The direction of the force will be perpendicular to the plane formed by v and B (since it is the result of the vector product of both) and will cause a displacement of electrons in that direction. As a consequence we will have a concentration of negative charges on one side of the material and a deficit of negative charges on the opposite side.

This distribution of charges generates a potential difference between both sides, the Hall voltage VH, and an electric field EH. This electric field which in turn generates an electric force on the electrons given by Coulomb’s Law, Fe = -e. EH, which acts in the same direction as the Lorentz force but in the opposite direction. The equilibrium will be reached when the sum of the two forces is null, from which we deduce that in the equilibrium the value of the Hall field is: EH = -v ^ B.

Measurement techniques

Without a doubt, the most widely used measurement technique for determining charge carriers and resistivity in a semiconductor is the Van Der Paw technique. It is also known as a four-pointed technique.

Hall Clamp Model DSC01504 – Hall Effect Meter

The Van Der Pauw technique is used for the determination of resistivity and charge carriers in semiconductors. It is also called a four-pointed technique or a four-corner technique. This technique is generally applied to samples in the form of thin films.

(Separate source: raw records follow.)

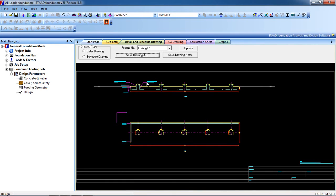This is the design of the combined footing of a building. Thank you for watching my video. Keep subscribing to my channel. If you have any query on STAAD Pro, you can comment on the video or mail me. Thank you.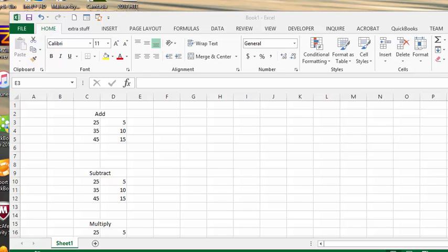I'm going to show you how to create some very basic formulas in Excel. We are going to discuss adding, subtract, and multiplying.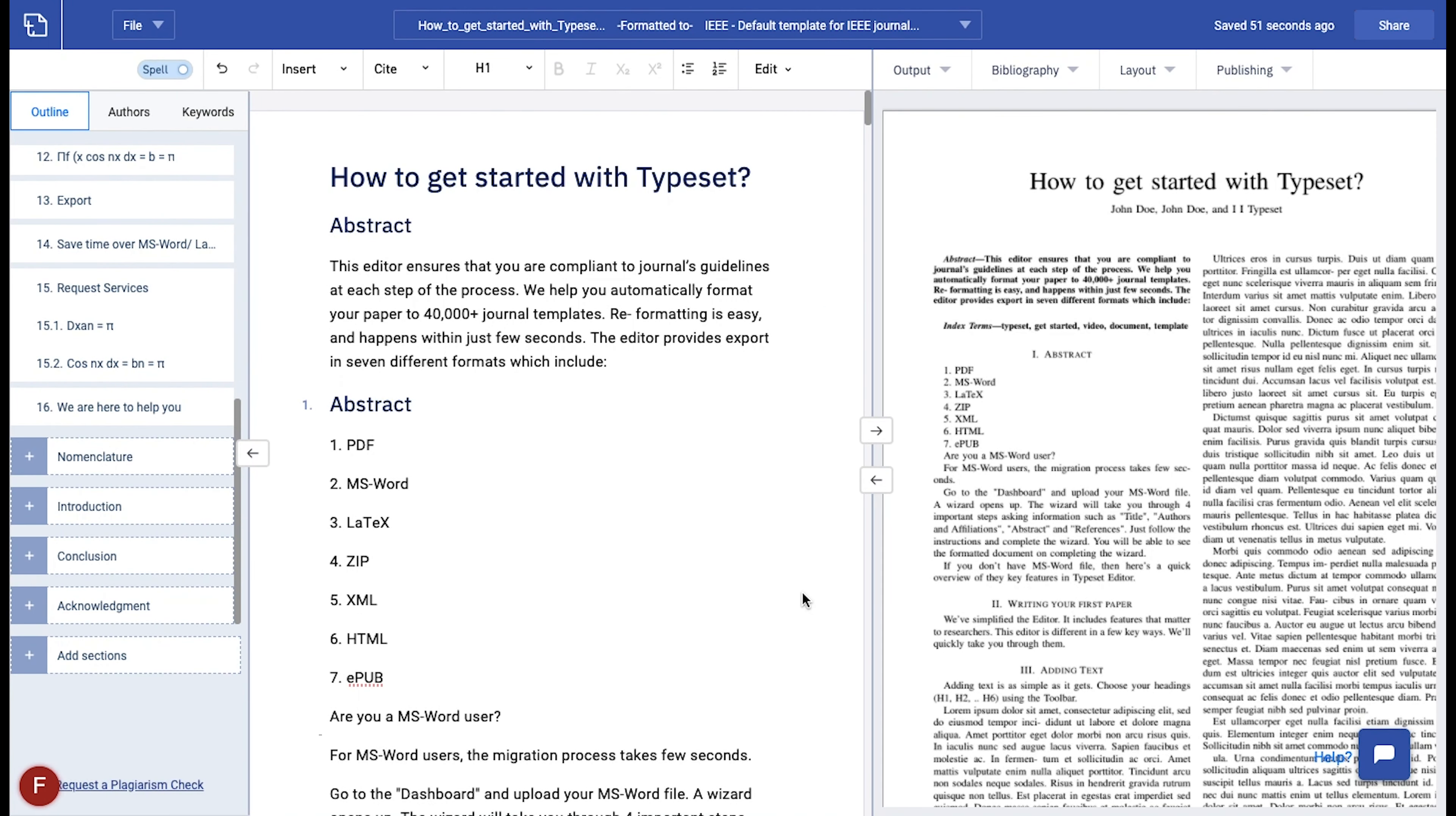In the previous tutorial, we saw how you can import your paper to the platform. Now let's see how you can make any changes in the article and export them.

The goal in the Van Der Pauw experiment is to determine the charge carrier density ns by measuring the Hall VH voltage. To measure the Hall voltage VH, a current I is forced to flow through the opposite pair of contacts 1 and 3 and the Hall voltage VH (= V24) is measured in the remaining pair of crossed contacts 2 and 4. On the other hand for resistivity It can be shown that there are two characteristic resistances RA and RB that are related to the resistance of the sheet RS through the equation:

  • Exp [- PI (RA / RS)] + Exp [- PI (RB / RS)] = 1

To obtain the two characteristic resistances, a DC current I is applied between contacts 1 and 2 and the voltage V 43 is measured from contact 4 to contact 3. Subsequently, the same current I for contacts 2 and 3, and it is measured the voltage V for contacts 1 and 4.

Applying the Hall effect

Hall Effect sensors allow to measure:

Hall Sensor – Hall Effect Capture

  • The mobility of an electrically charged particle (electrons, gaps, etc.).
  • Magnetic fields (Teslameters)
  • The intensity of electrical currents (Hall Effect current sensors)
  • They also allow the development of non-contact position sensors or detectors, used particularly in the automobile, to detect the position of a rotating shaft (gearbox, driveshafts, etc.).
  • Hall effect sensors are also found under the keys of the keyboards of modern music instruments (organs, digital organs, synthesizers) thus avoiding the wear suffered by traditional electrical contacts.
  • Hall effect sensors in the encoder of a DC motor.
  • Hall Effect (HET) engines are highly efficient plasma accelerators.